**Try it**
From the first line of the data down to the line bearing "the : Humpback whale (Megaptear novaeangliae) under the", output every line exactly and include no pictures.

Stored data
* * * * *

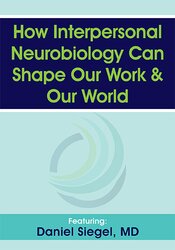 How Interpersonal Neurobiology Can Help Shape our Work and our World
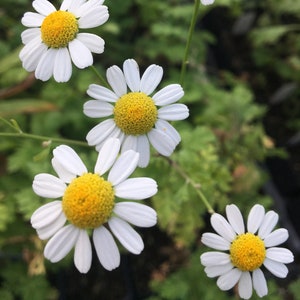 Chrysanthemum parthenium FEVERFEW Tanacetum parthenium Plant in 2.5 inch pot image 1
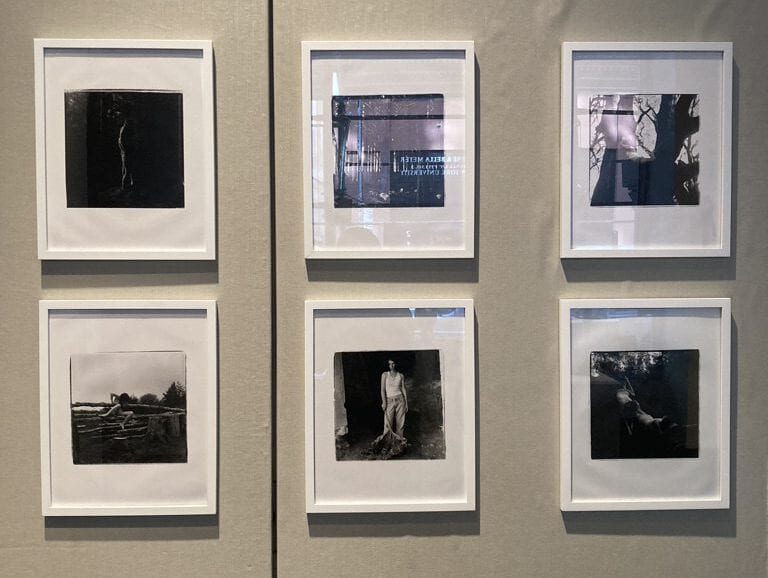 Six black and white framed photographs of a woman in nature, hung on a white wall.  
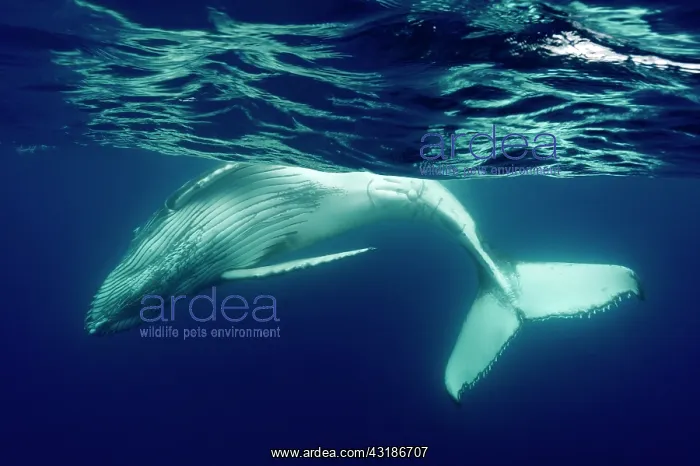 : Humpback whale (Megaptear novaeangliae) under the : Humpback whale (Megaptear novaeangliae) under the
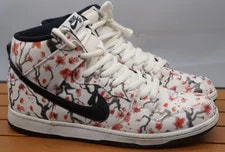 Size 11 - Nike SB Dunk Pro High Blossom 2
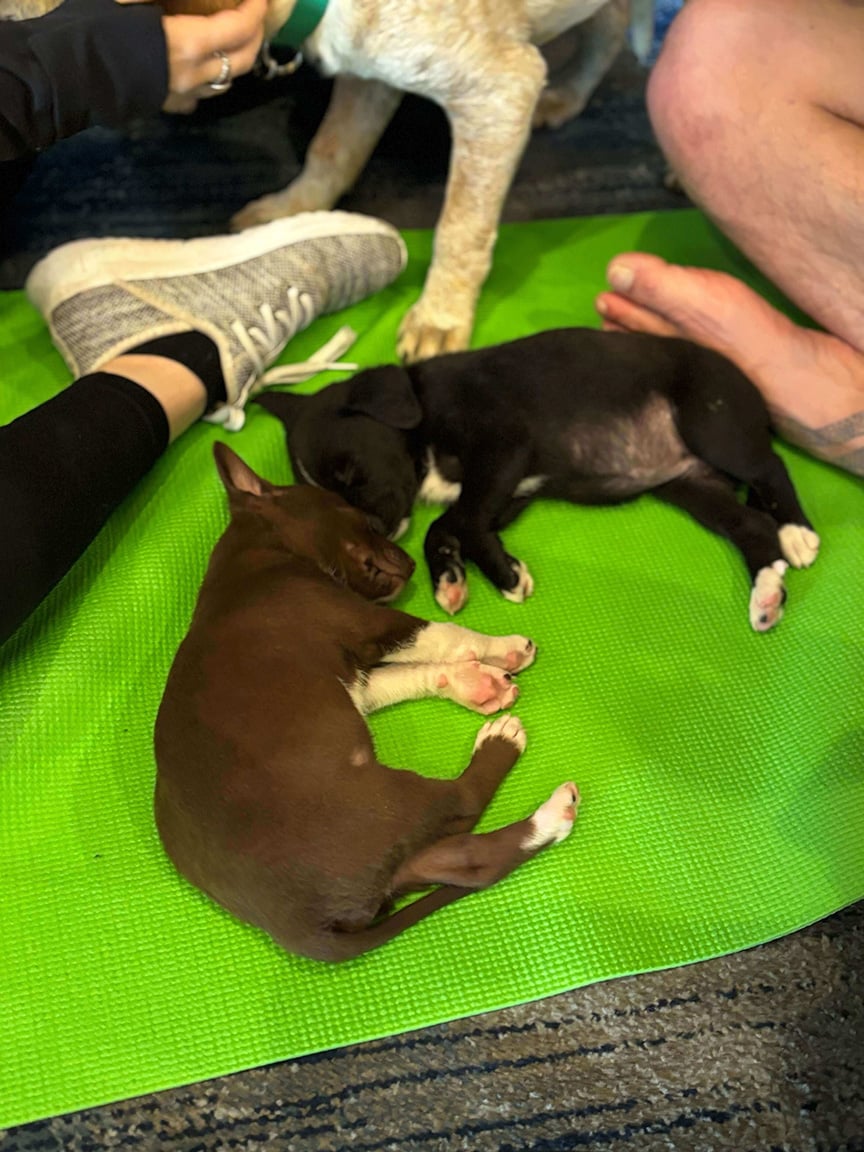 puppies sleep at puppy yoga, Momentum 2025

* * * * *

**Answer to this task**
 How Interpersonal Neurobiology Can Help Shape our Work and our World
 Chrysanthemum parthenium FEVERFEW Tanacetum parthenium Plant in 2.5 inch pot image 1
 Six black and white framed photographs of a woman in nature, hung on a white wall.  
 : Humpback whale (Megaptear novaeangliae) under the : Humpback whale (Megaptear novaeangliae) under the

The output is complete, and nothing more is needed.